One might regard her attitudes as out-dated, even for the 1840s when the novel is set, were it not that they still somehow persist. No wonder, though, that she regards her children, particularly Damian, as “childish”, and worries about him starting school as a “milksop”. She is convinced, however, that she is happy in her role, comparing herself to the chestnut trees which she prefers without their spring blossom:

“Like me exactly, she thought, I admire them, and I am glad to resemble them. I am done with blossoming, done with ornament and admiration. I live for my children – a good life, the life my heart would have chosen.”

The only blemish on her life is her husband, Fredrick, who has not taken to life in the country, or, indeed, the monogamy of marriage:

“A weaker or idler woman might have been jealous; a woman in love would certainly have been so. Indifference and responsibility preserved her from any sharper pang than annoyance…”

Instead she has written to Fredrick telling him that she no longer wishes to live with him, consoling herself that “I am far safer than if I were a widow…unquestioned as a tree.” However, her peaceful life at Blandamer is ended by events beyond her control, and in the aftermath, she heads to Paris to seek her husband, who is living there with his mistress, Minna. In this, too, the novel follows the pattern of Lolly Willowes, with her initial move being an escape which is calmly undertaken but driven by a deeper need.

In Paris, Sophia meets for the first time her husband’s mistress. Minna is Jewish, and Sophia’s immediate reaction is to indulge in anti- Semitic stereotyping as she listen to her tell a story of her childhood:

“…seeing that mournful, dark glance flicker over the listeners, as though numbering so many well-tied money bags. Our ears are your ducats.”
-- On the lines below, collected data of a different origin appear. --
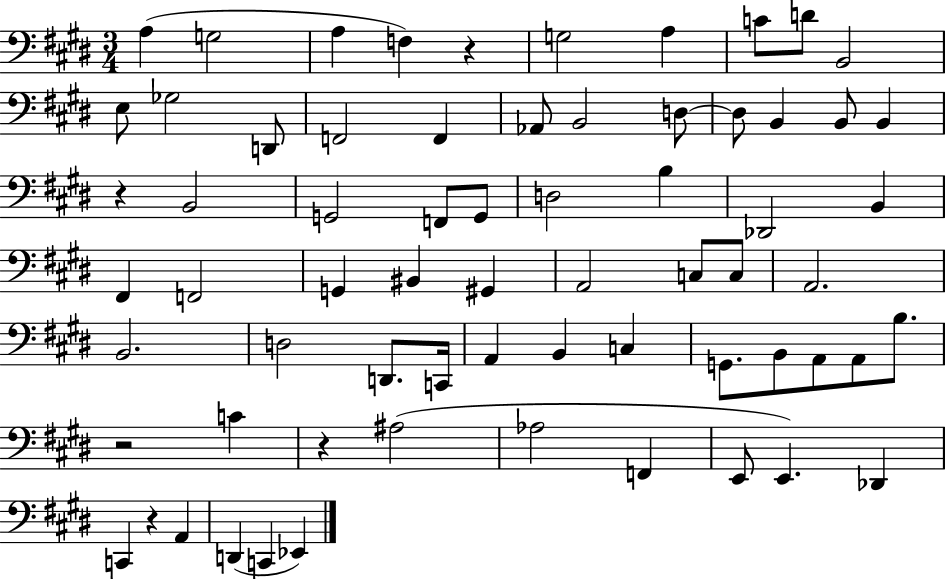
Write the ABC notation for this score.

X:1
T:Untitled
M:3/4
L:1/4
K:E
A, G,2 A, F, z G,2 A, C/2 D/2 B,,2 E,/2 _G,2 D,,/2 F,,2 F,, _A,,/2 B,,2 D,/2 D,/2 B,, B,,/2 B,, z B,,2 G,,2 F,,/2 G,,/2 D,2 B, _D,,2 B,, ^F,, F,,2 G,, ^B,, ^G,, A,,2 C,/2 C,/2 A,,2 B,,2 D,2 D,,/2 C,,/4 A,, B,, C, G,,/2 B,,/2 A,,/2 A,,/2 B,/2 z2 C z ^A,2 _A,2 F,, E,,/2 E,, _D,, C,, z A,, D,, C,, _E,,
At the same time, the story Minna tells, which opens the novel’s second book and provides the reader’s introduction to the character, makes clear the discrimination she has faced. Sophia is equally scathing of the social milieu Frederick is now mixing with (“Good God, what a menagerie!”) and immediately regards her visit as a mistake. However, placing Sophia in Paris is not entirely, or even predominantly, about her relationship with Fredrick. The year is 1848 and Paris is once again on the brink of revolution:

“Behind that barricade patriots will defend the cause of liberty, will defy the tyrant, will bleed and conquer.”
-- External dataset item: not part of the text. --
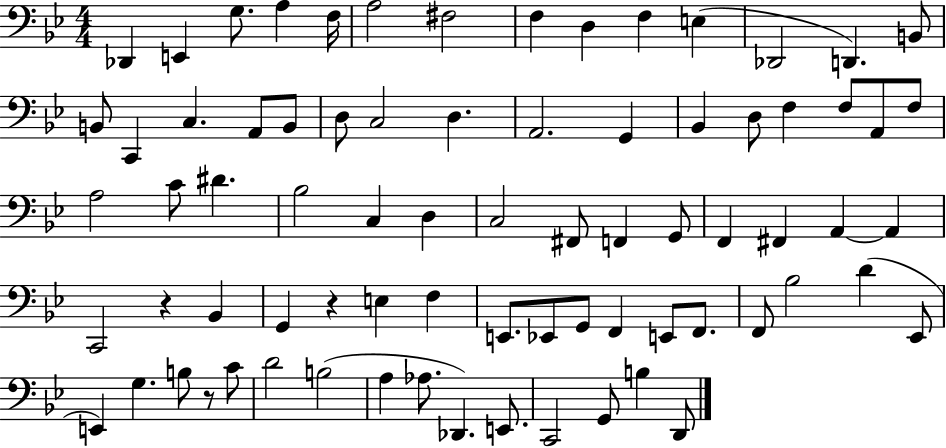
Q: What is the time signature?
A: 4/4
Just as Lolly’s conventional life was contrasted with witchcraft, so Sophie’s upper-class upbringing is placed in the context of revolutionary politics. Ideology is of little interest to her, but a relationship with Minna develops and Frederick’s importance diminishes:

“Instantly forgetting his existence, save as a character in her narrative, Sophie went on talking. Minna’s clasp tightened upon her hand.”
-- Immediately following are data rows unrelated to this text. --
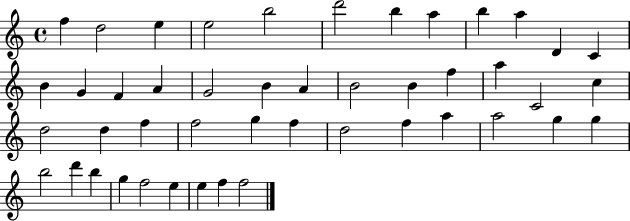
X:1
T:Untitled
M:4/4
L:1/4
K:C
f d2 e e2 b2 d'2 b a b a D C B G F A G2 B A B2 B f a C2 c d2 d f f2 g f d2 f a a2 g g b2 d' b g f2 e e f f2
Summer Will Show is a much longer novel than Lolly Willowes, betraying the complexity of Sophie’s time in Paris. During that time her life will change completely as she finds herself cut adrift from the comfortable life she lived in England, and cut off from her fortune. As with Lolly Willowes there is much to enjoy in the contrasts Warner creates, and she is certainly successful in conveying a sense of Paris during this period. If the novel feels more ambitious, it is also harder to love. Partly this due to the character of Sophia who remains largely dispassionate and withdrawn, but the novel’s length also reduces its impact. Subplots, such as the black bastard son of an uncle whom she places in a school in England and who later follows her to France, do not quite come off. Having said that, it demonstrates that Warner is a writer who, like her characters, is neither predictable nor easily constrained.

Lolly Willowes

January 2, 2021

Sylvia Townsend Warner’s debut novel, Lolly Willowes, begins disguised as a conventional novel, but eventually blossoms into something very strange and unexpected, not unlike the title character herself. As the novel opens, Lolly (properly Laura, the nickname being one of a number of ways in which the family infantilise her) is staying with her brother, Henry, and his wife, Caroline, who think of her as “a gentle creature and the little girls love her.” Their only concern is that “she would need to make haste if she were going to find a husband before she was thirty.” Lolly, on the other hand, seems little interested in marriage:

“But her upbringing had only furthered a temperamental indifference to the need of getting married.”

She puts paid to a final suitor by commenting, “If you are a were-wolf, and very likely you may be…” At the same time, we understand she is not entirely contented with her current life, as she sits each evening opposite her sister-in-law, reduced to embroidery by the knowledge that Caroline’s sewing (and indeed her aptitude in any domestic skill) is superior to her own:

“She had actually a sensation that she were stitching herself into a piece of embroidery with a good deal of background.”

The unconventional thought or phrase hidden in the conventional narrative, we soon discover, is Townsend Warner’s forte:

“Then the house, emptied of another day, creaked once or twice, and fell into repose, its silence and security barred up within it like a kind of moral family plate.”

Even on holiday, Lolly cannot find the freedom she is longing for:

“She would have liked to go by herself for long walks inland and find strange herbs, but she was too useful to be allowed to stray.”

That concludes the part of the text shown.